Defiant as they may have sounded, the sky-high expectations the Bills had entering the season took a significant hit following a 23-16 loss to the Pittsburgh Steelers in a showdown of defending AFC division champions.
Though the defense was sound in limiting the Steelers to 16 points (Pittsburgh also scored off a blocked punt), it was the Josh Allen-led offense that proved pedestrian.
A year after breaking numerous single-season passing and scoring records, the league's second-most productive attack managed just 16 points to match a season low last year by scoring just one touchdown and three field goals despite having eight of 11 drives cross midfield.
Allen completed 30 of 51 passes for 270 yards and a touchdown but was out of sync, with his 21 incompletions matching the second-highest total of his four-year career.
“Obviously it’s not what we hope for, what we strive for, how we want to start the season,” Allen said. “That’s why we’re playing 17 (games). We’re not expecting to win them all. We go into each game expecting to win, but we understand that it’s a long season. A lot to learn from this tape, honestly starting with me.”
The Bills had no answers for the Steelers defense and its relentless T.J.-Watt led pass rush. Despite using only three or four rushers at the line of scrimmage, the Steelers repeatedly made life uneasy for Allen, who was forced to move and scramble out of the pocket. Buffalo’s offensive line never found its footing and had six holding penalties.
“That’s just one of those things that will come down to accountability,” center Mitch Morse said. “The unfortunate thing is that most of the holding calls came with chunk plays. So not only did we go backward, but this game is a game of momentum, and for the most part we kind of shot ourselves in the foot.”
The offense misfired on the type of plays it became known for in 2020.
Early in the game, Allen overthrew a wide-open Emmanuel Sanders on a deep ball that would have gone for a touchdown. Allen also missed Stefon Diggs deep.

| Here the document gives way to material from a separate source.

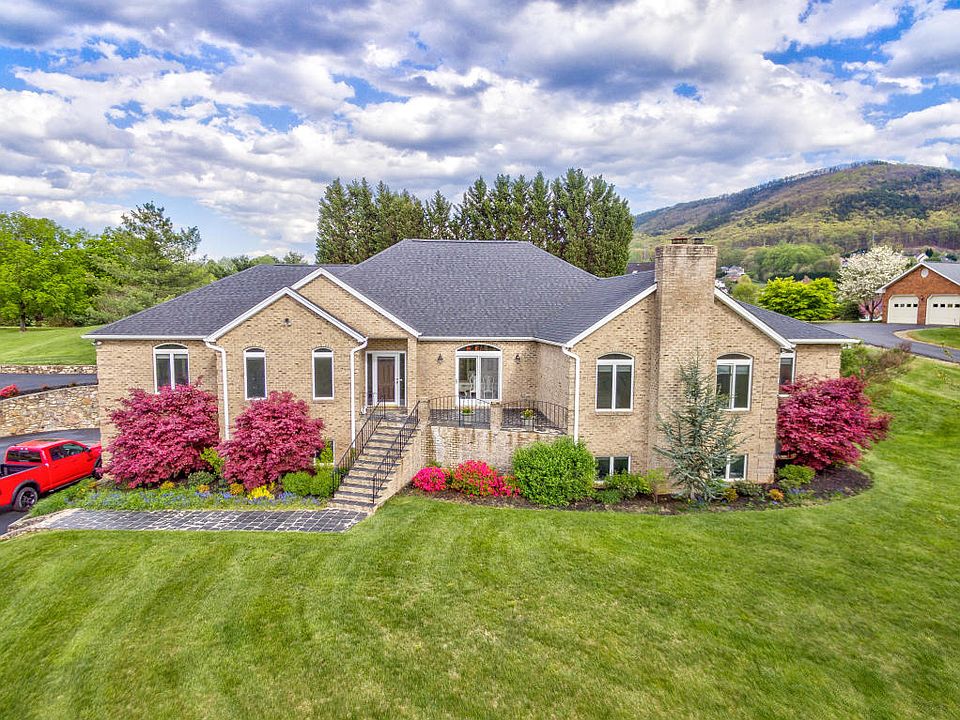 1st image of 135 Highland Dr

Then came what appeared to be a poorly designed fourth-and-1 attempt to open the fourth quarter in which Matt Breida caught a lateral and lost 7 yards, which immediately led to Ben Roethlisberger putting the Steelers ahead for good with a 5-yard touchdown pass to Diontae Johnson.
On Buffalo's next possession, Sanders had the ball punched out of his hands for what would've been a 20-yard gain, and the Bills drive ended with Watt dropping Allen for a 6-yard loss on third down. Matt Haack's punt was then blocked by Miles Killebrew, with Ulysees Gilbert scooping up the loose ball and returning it 9 yards for a touchdown.
“Whether it be first-game nerves or jitters or feeling stuff with my feet, I’ve got to play better, I’ve got to be better,” Allen said. “I know that. Again, we’re going to learn from this. We’re not going to panic. It’s 16 games left. We know what we need to do. We’re going to look at the film and work and strive to get better.”
One positive for the Bills was their defensive performance.
After Buffalo’s defense largely struggled in 2020, the Bills held Roethlisberger in check for much of the game. The Steelers had just 53 yards and three first downs in the first half..
“Overall, you hold a team to 16 points if you take away the blocked punt,” coach Sean McDermott said. “I thought overall defensively, and they were in some tough positions, they played hard and they did some good things.”
After repeatedly showing the ability to overcome adversity and bounce back last season, the Bills believe they have the right mindset and group of players to do it again.
“We’ve been here before,” McDermott said. “It’s one game. I know the expectations are high and that comes with the territory. ... Give credit where credit’s due. Mike Tomlin and his team came in here and outcoached us and outplayed us, and I give them credit. We’ve got to learn from this as coaches and as players and get ourselves ready to go.”